SAMSAL · ‎11-28-2023

Hi @Rohit1997jio ,

Not sure if this can be done using the FlowFile Expiration. However, if you are using Nifi 1.16 or higher you can take advantage of another methodology using the "retry" option on the target processor failure relationship as follows:

The concept here is to use the settings for "Number of Retry Attempts" , " Retry Back Off Policy" & "Retry Max Back off Period" to configure how often and for how long the file is retried before it gets pushed to the failure relationship queue where you can then log the needed message. Every failed retry, the flowfile will be pushed back to the upstream queue and wait the designated time before its tried again. The challenge here is how to set those values so that the flowfile is only kept for certain period of time ( 1 hour in your case) specially the file will wait in the queue before its tried again depending wither you set the policy to Penalize or Yield, which is a good thing because you want to have some delay before the flowfile is tried again to avoid a lot of overhead.
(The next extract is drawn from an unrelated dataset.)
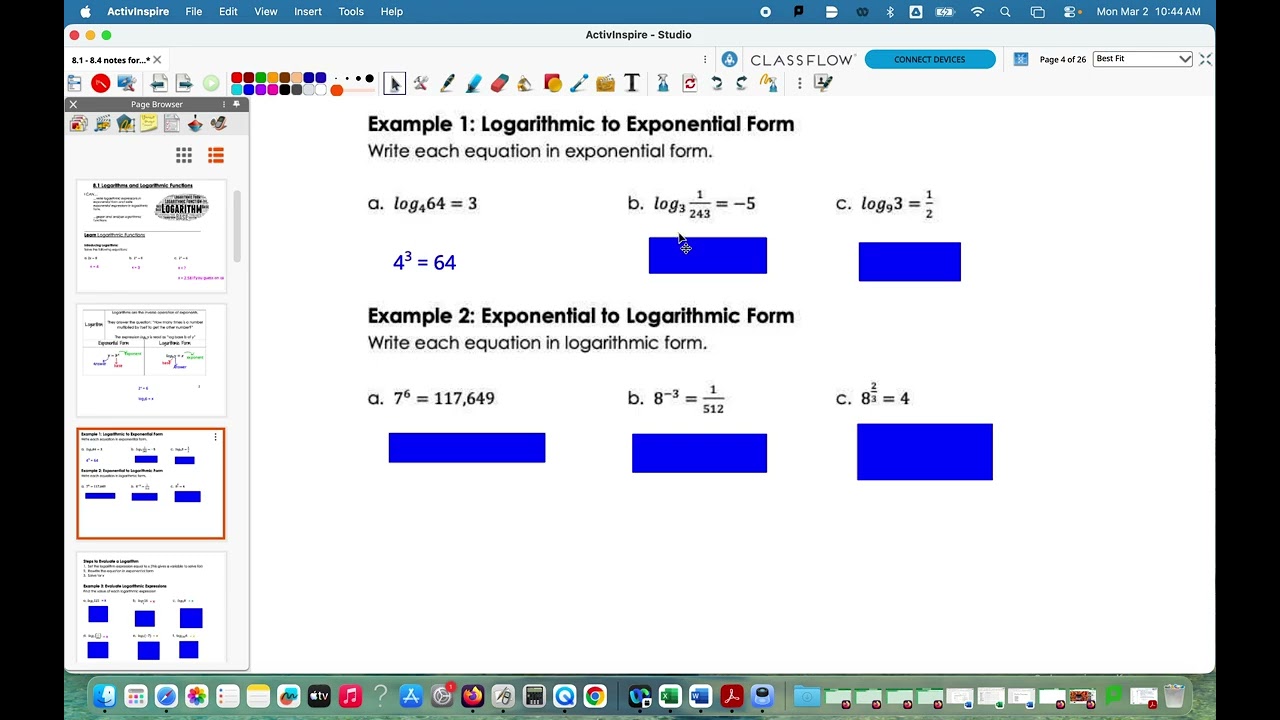8.1 Notes (part 1): Basics of Logarithms
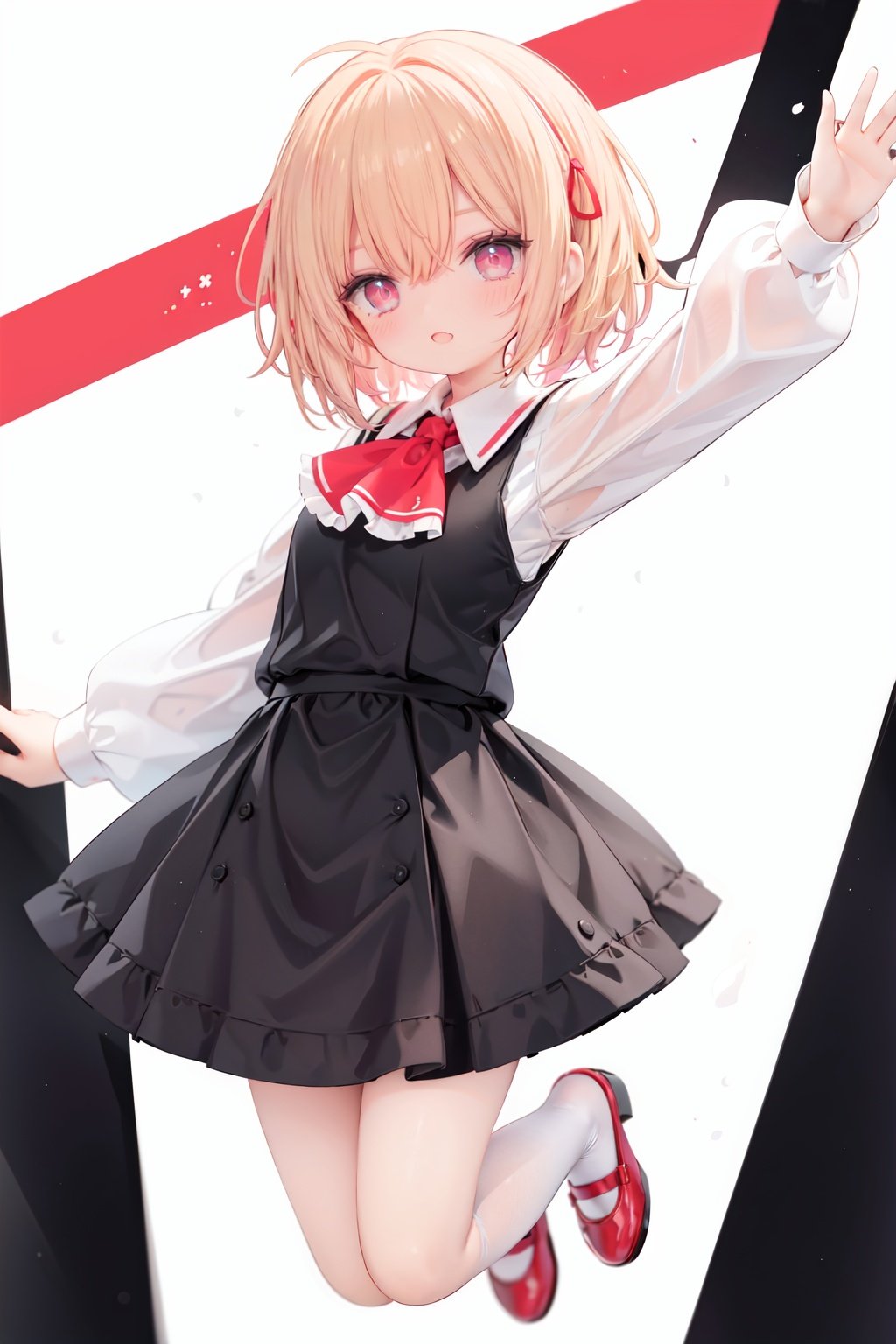 1girl, rumia, blonde hair, solo, white background, red eyes, red footwear, simple background, ascot, short hair, ribbon, open mouth, hair ribbon, smile, long sleeves, shirt, looking at viewer, red ascot, white socks, white shirt, red ribbon, shoes, socks, frills, bangs, outstretched arms, hair between eyes, skirt, :d, dress, vest, mary janes, black dress, black skirt, collared shirt, black vest, blush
For example if you want the file to expire in an hour , and you want to try it 60 times where each time you wait 1 min before the next retry then you can set the values as follows:

Number Of Retry Attempts: 60

Retry Back Off Policy : Penalize ( Set the Penalty Duration under Settings Tab to 1 min)

Retry Maximum Back Off Period: 1 min ( this to ensure that the wait time in the queue doesnt exceed the initial penalty duration because every subsequent retry the duration penalty time is doubled - not sure why- )

In this case the flowfile will be retried 60 times upon failure , where each time the flowfile is pushed back to upstream queue an wait only max 1 min before the next retry , which makes the total time flowfile is retried = 60 * 1 min = 60 mins = 1 hour

Depending how often you want to retry and how long you want to wait before the next retry, you can adjust those numbers accordingly.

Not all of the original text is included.